Эпиграф предуведомляет, что „логическое“ развитие героя завершилось, он достиг якобы зрелости: жизнь предстала как отблеск вечной и абсолютной правды[339]
. Оттого уже не „молодой человек“, а „просто человек“ так запальчиво уверяет Трензинского, что не позволит „какому-нибудь отдельному, случайному факту“ ниспровергнуть выношенные им убеждения [1, 304].Слова о случайных фактах заставляют вспомнить насмешку Белинского над „добровольными мучениками“, которым, как писал он в статье „Мендель, критик Гёте“, нет покоя, нет счастья: там гаснет свет просвещенья, тут подавляется целый народ, – и с воплем указывают они на виновников зла, как будто люди в состоянии остановить ход мира, изменить участь народа; как будто бы нет провидения и людские судьбы представлены слепому случаю или слепой воле одного человека[340]
. Таким „добровольным мучеником“ оказывается Трензинский. У него нет „власти над случаем“ [I, 302], но он скептически относится к идеализму, который все „пытает словами, а не делом“ [I, 304]; он сомневается, что стоит последовать примеру „немецких ученых, которые, выдумав теорию, всю жизнь ее отстаивают, хотя бы каждый день опровергал ее“ [I, 304]; он порицает толпу за то, что та не понимает, „почему она так живет“, но „гордый дух, отвергающий всякое внешнее влияние“ виноват, по его словам, вдвое тем, что „умея понимать, не признает очевидной власти обстоятельств“ [I, 305].Вместе с автором Трензинский подвергает сомнению панлогизм Гегеля и „примиренного“ Белинского, который хотел уверовать, что государство „есть живое осуществление довременной божественной идеи, ставшей из возможности явлением и стремящейся развиться из самой себя во всей бесконечности“[341]
. Такое понимание исторического процесса неизбежно вело к оправданию действительности „по законам логики“, когда мысль опирается на самое себя, на собственное внутреннее развитие из самой себя[342]. В этом „бесконечном царстве духа“[343] жизнь представала и должна была предстать как отблеск вечной и абсолютной правды: Am farbigen Abglanz haben wir das Leben[344]. Но за пределами царства опыт, как врата Ада, вел на Голгофу тяжких испытаний, на что и указывал эпиграф из Данте: Per me si va nella città dolente[345].На „теоретические разрешения вопросов“ Трензинский смотрит „как на что-то постороннее“ [I, 300]. Он жизнью дошел до своих итоговых заключений. Но это не значит, что герой Герцена противополагает мышлению опыт. Отдавать предпочтение духу за счет обстоятельств или наоборот, по его мнению, дурно [I, 305][346]

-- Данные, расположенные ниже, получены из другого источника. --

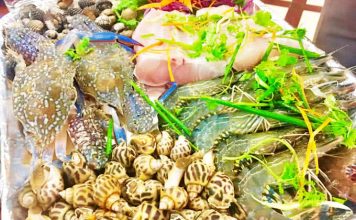 Những lưu ý nhằm tránh ngộ độc hải sản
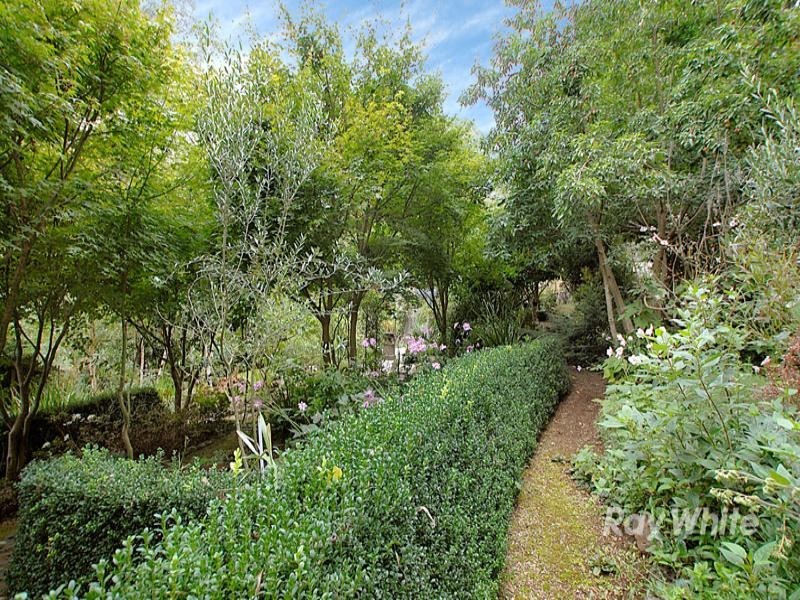 5 Panteg Road, Sassafras VIC 3787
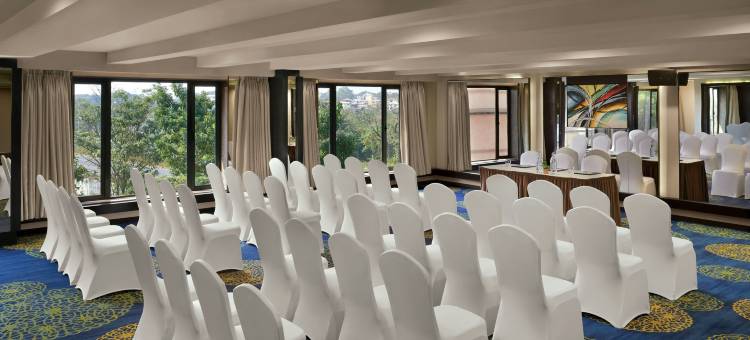 费恩卡丹巴水疗酒店 -万豪系列(The Fern Kadamba Hotel & Spa Goa, Panjim, Series by Marriott)图片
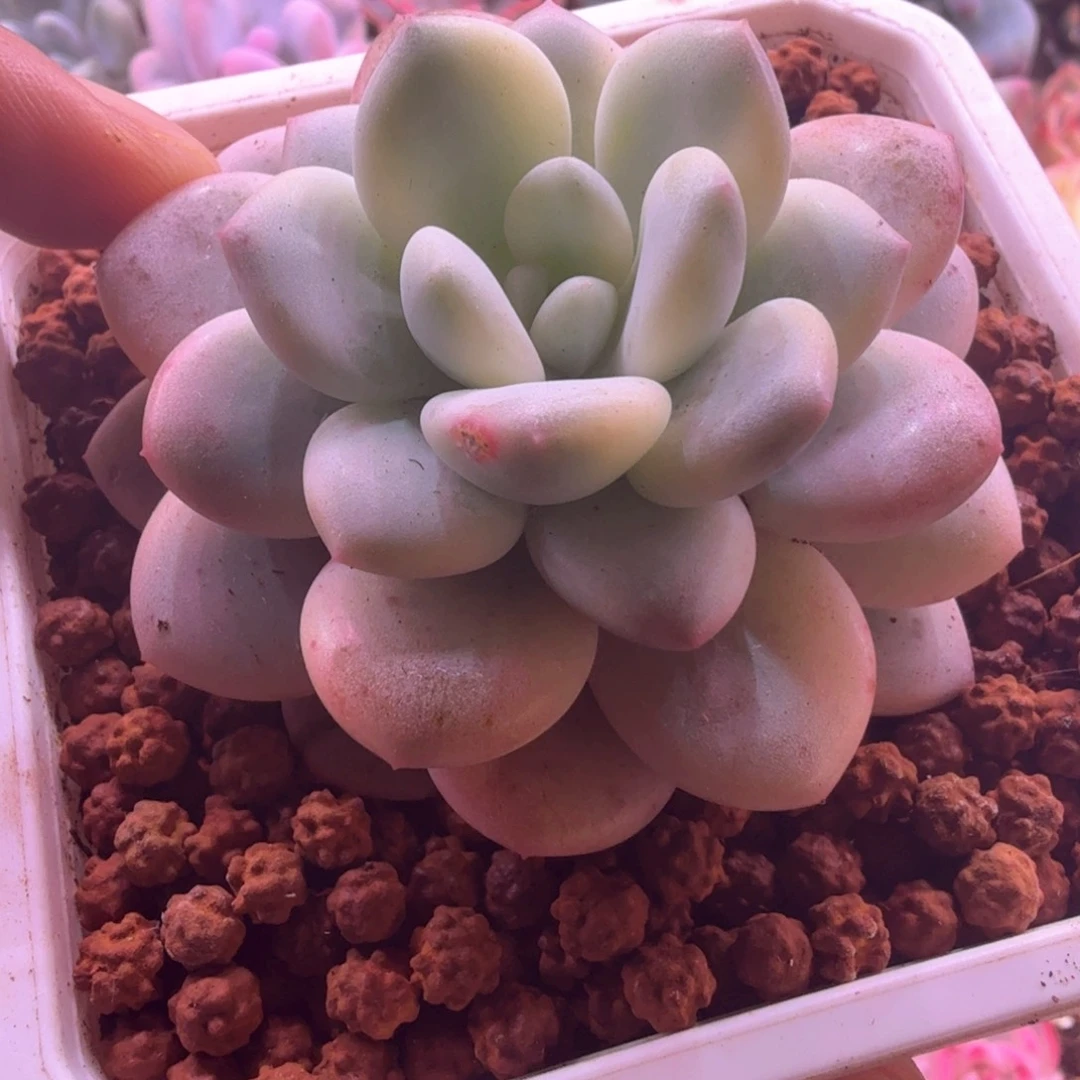 白马锦 多肉植物锦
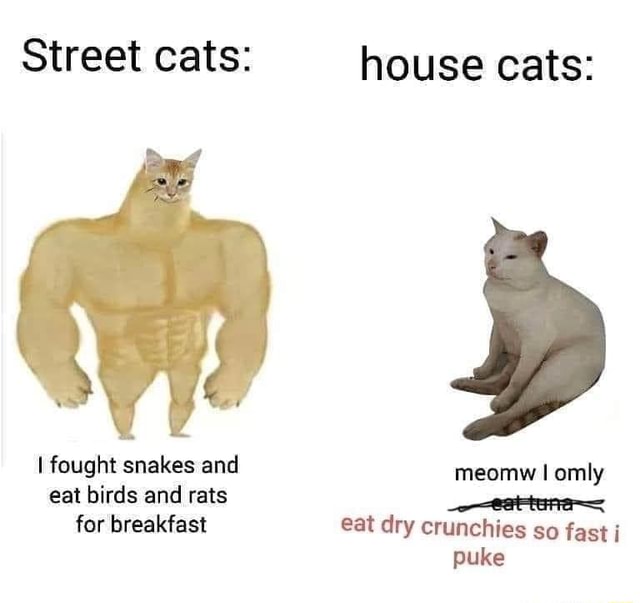 Street cats house cats I fought snakes and meomw I omly eat birds and rats for breakfast eat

. „Жизнь, – цитирует он Гёте, – не имеет ни ядра, ни скорлупы“ [I, 303].И поэтому человек всегда должен оставаться человеком [I, 312]. Трензинский сочувствует полковнику, который еще мальчиком затвердил пословицу: Homo sum et nihil humani a me alienum puto[347]. С этой позиции полковник и осуждает Гёте, которому мир политики, как и все „преходящее, временное“, чужд по самой сути. Ни полковник, ни Трензинский не разделяют точки зрения Белинского, который писал в статье „Менцель, критик Гёте“: „Во-вторых, не только несправедливо, но и справедливо, нападая на человека, отнюдь не смешивать его с художником, равно как рассматривая художника, отнюдь не следует касаться человека“[348]. Мало того, у Герцена поэту-олимпийцу, в котором художник выше человека, противостоит тень Данте. Она возникает благодаря дантовскому стиху, соотнесенному в эпиграфе со стихами Гёте. В страстном флорентийце художник не выше и не ниже человека. Он делит с людьми скорбь ада, жажду очищения и мечту о рае.